(Brief descriptive captions)
================================

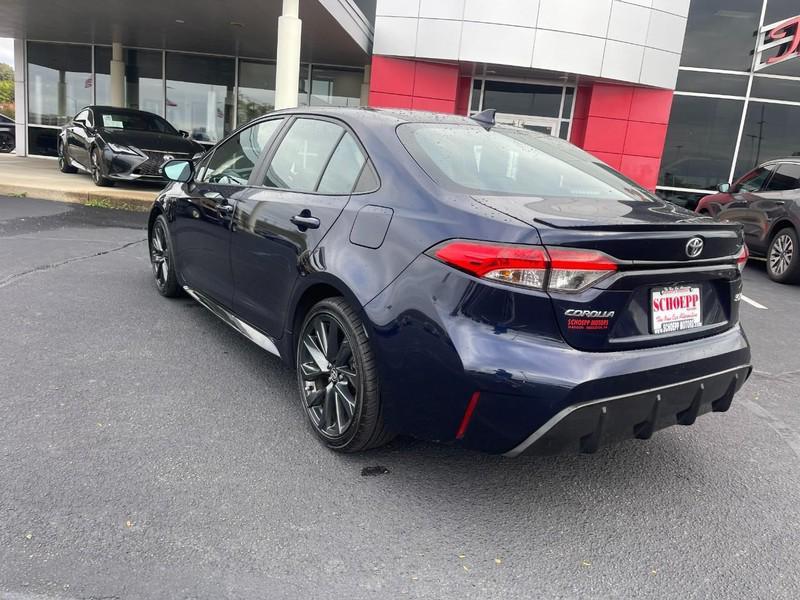 used 2023 Toyota Corolla car, priced at $23,750
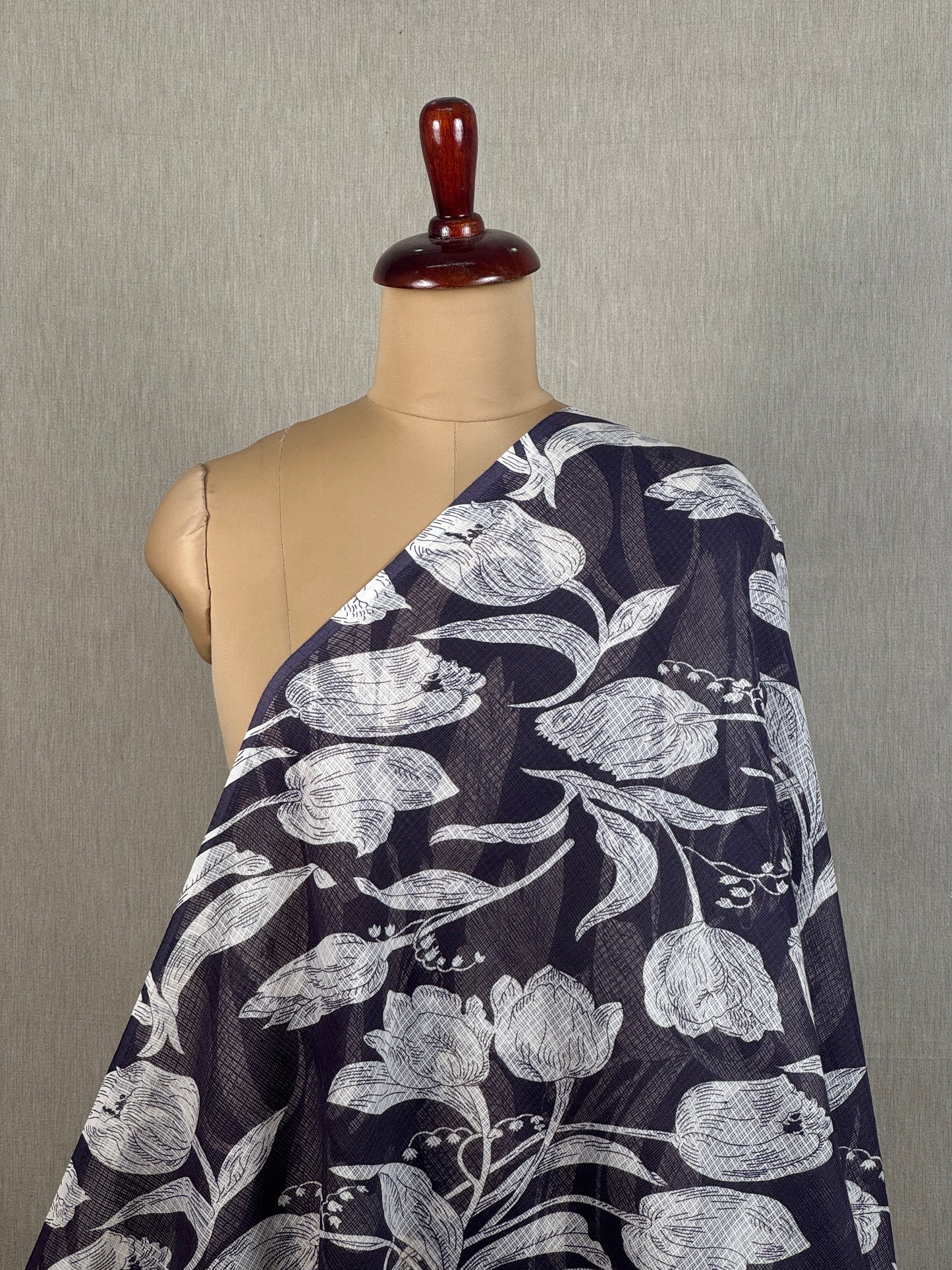 Printed Kota Fabric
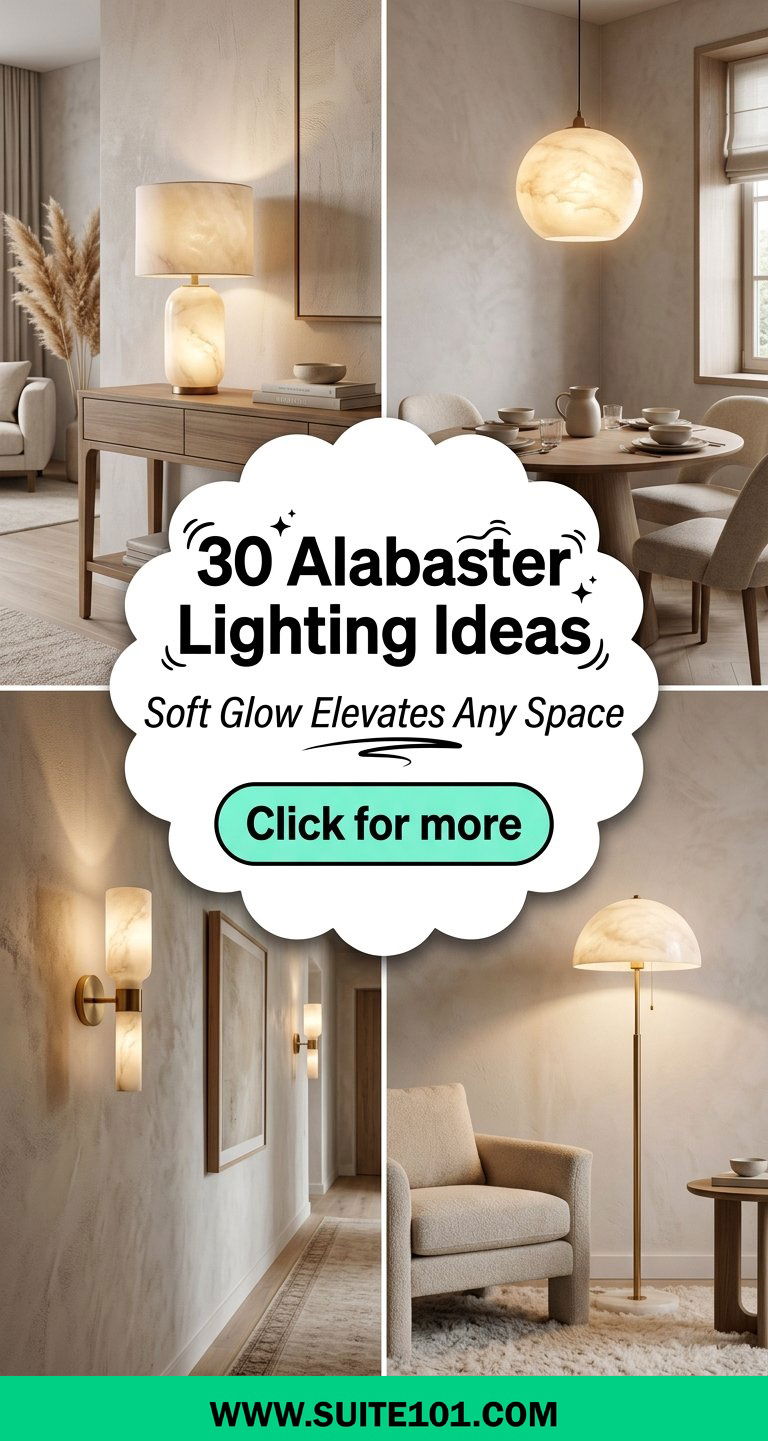 30 Alabaster Lighting Ideas Soft Glow Elevates Any Space - 30 Alabaster Lighting Ideas: Soft Glow Elevates Any Space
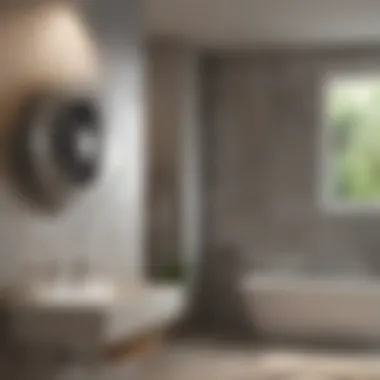 Energy Efficiency Ratings for Bathroom Fans Comparison chart of energy efficiency ratings for bathroom fans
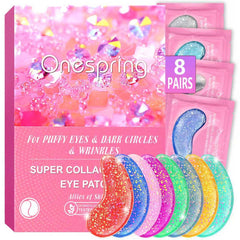 Onespring front packaging showing eight pairs and travel-ready design benefit convenience
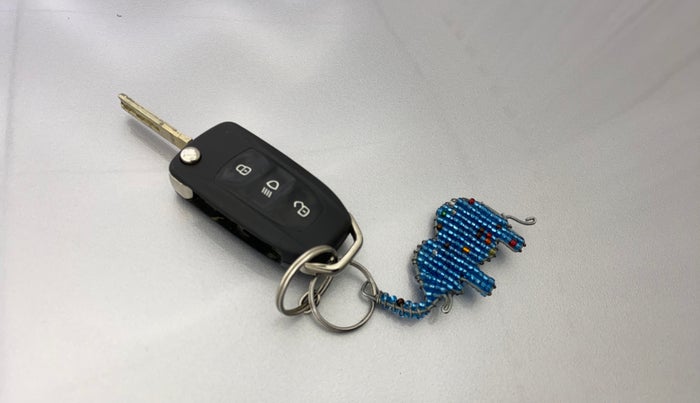 2020 Tata Tiago XZ PLUS PETROL, Petrol, Manual, 51,274 km, Key Close Up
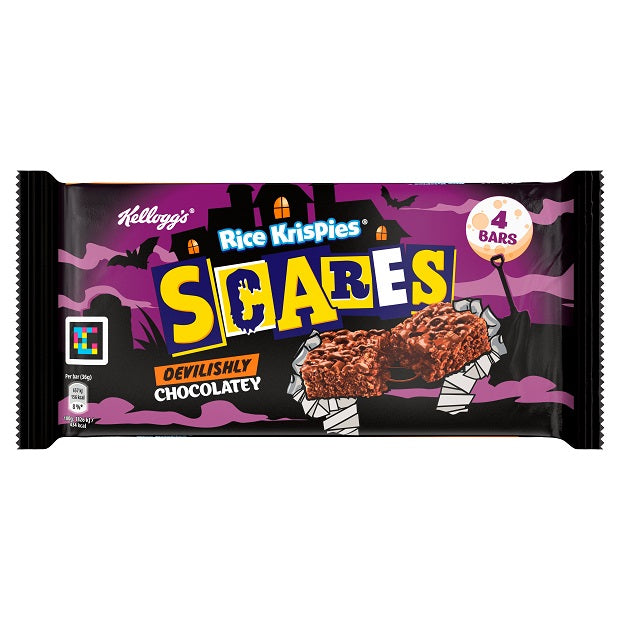 Rice Krispies Scares Devilishly Chocolatey 144g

================================

> _TASK DIRECTIONS_
Starting at the line that contains "2020 Tata Tiago", retype each line through the end of the data exactly, and leave out every picture.

> _PROBLEM SOLUTION_
 2020 Tata Tiago XZ PLUS PETROL, Petrol, Manual, 51,274 km, Key Close Up
 Rice Krispies Scares Devilishly Chocolatey 144g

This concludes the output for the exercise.